● Instructions to follow
When you reach the line containing "Jayden Jealousaurus - By" in the records below, start copying exactly, and stop once you have copied the line containing "Sad Truth Quotes".

═══ Task material

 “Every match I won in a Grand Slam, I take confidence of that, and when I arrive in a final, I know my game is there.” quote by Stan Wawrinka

══════
═══ Task material

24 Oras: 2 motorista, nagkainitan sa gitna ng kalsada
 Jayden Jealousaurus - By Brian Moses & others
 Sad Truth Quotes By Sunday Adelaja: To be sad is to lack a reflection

══════

● Solution to this task
 Jayden Jealousaurus - By Brian Moses & others
 Sad Truth Quotes By Sunday Adelaja: To be sad is to lack a reflection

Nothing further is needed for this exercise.